Peter Atwater predicted that a large amount of malinvested capital will be wiped out and areas of the economy that have historically been resistant to crises may not be so this time. His research indicates that the economy is under the influence of “confidence cycles” and when consumer sentiment shifts toward the expectation of a recession, the market will actually enter one.
Atwater says thousands of companies have fudged their earnings with easy cash because of the ultra-low interest rates set by the Federal Reserve.
“With free money, the ability to financially engineer your earnings results is unlimited,” he said.
Now that rates are going up, such companies will start having trouble rolling over their loans.
“It’s sucking the air out of the room,” he said, anticipating that “thousands” of such companies may go under.
As credit gets tighter, a lot of “dream” ventures will prove to be unfeasible and fail, he predicted, noting that overconfidence in the market has caused investors “to buy promises of even the most ridiculous things.”
“There was so much capital irresponsibly deployed to capture dreams that the volume of equity destruction is going to be massive.”
The financial elite is, so far, failing to appreciate the direness of the situation because their lifestyle has become extraordinarily insulated from a commoner’s reality, he said, calling it “work from home blindness.”
“The financial elite are spending so much time sequestered away from the real world that I think they’ve lost sight of the fact that the folks who are delivering things to them—who live in the real world—have to buy gas.”

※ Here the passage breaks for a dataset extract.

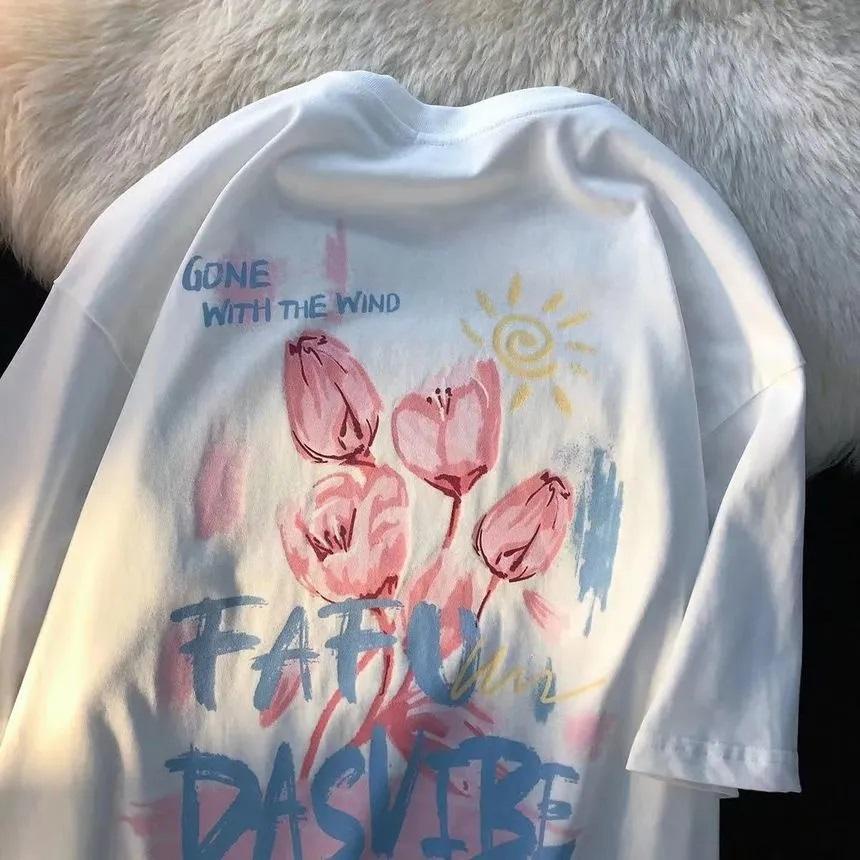 Áo thun tay lỡ form rộng unisex Tiger.86 in hình hoa Tulips B24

During previous recessions, some parts of the economy were usually spared major losses and could thus serve as safe havens for investors. Those would include government bonds and businesses serving high-end clientele, such as luxury goods producers. In recent years, big tech companies have also been treated as safe bets.
All of those, however, may get pummeled this time too, according to Atwater.

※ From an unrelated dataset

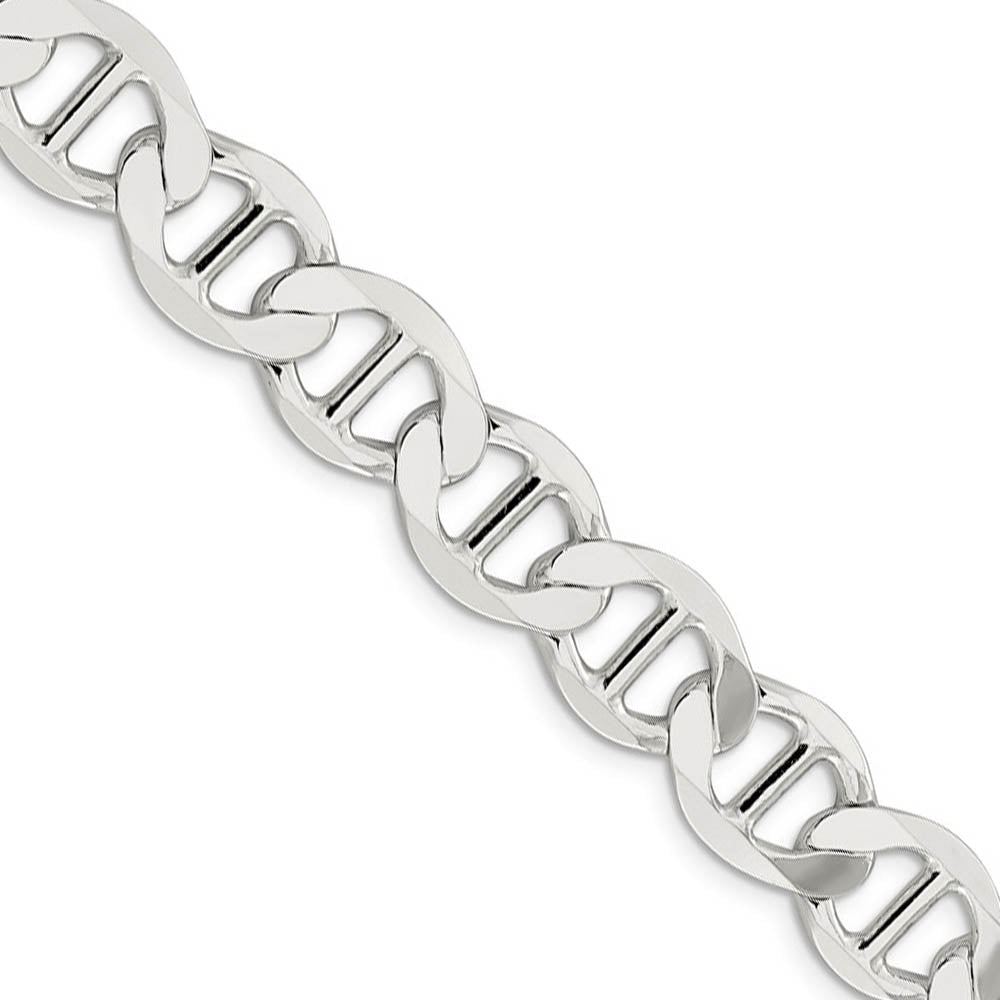 Mens 12.25mm Sterling Silver Hollow Flat Anchor Chain Necklace, Item C10412 by The Black Bow Jewelry Co.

“What I don’t think investors quite appreciate is we’re having an unwinding in both fixed income and equity simultaneously here. And there’s not going to be any place to hide in that.”
Businesses serving the rich, meanwhile, may find that their clientele is in worse financial shape than expected.
In recent years, there are indicators that the rich have taken on large amounts of debt, following the mantra of “don’t sell it, borrow against it,” in order to avoid taxes, Atwater said.
“It’s a masterful tax strategy, but it is completely devoid of a connection to reality.”
As a result, he noted, “nobody has contemplated that the biggest potential losses could be among the customers that have heretofore been the safest.”
He has also noticed an unusual phenomenon in which market actors are getting worn down by prolonged market instability without actually hitting a bottom.
“Everybody, they sort of feel like, ‘Are we there yet? Is it done?’ People are tired. It’s not fear, it’s fatigue. And I’ve never seen a market bottom on whining in the sense that we’re just all tired of it.”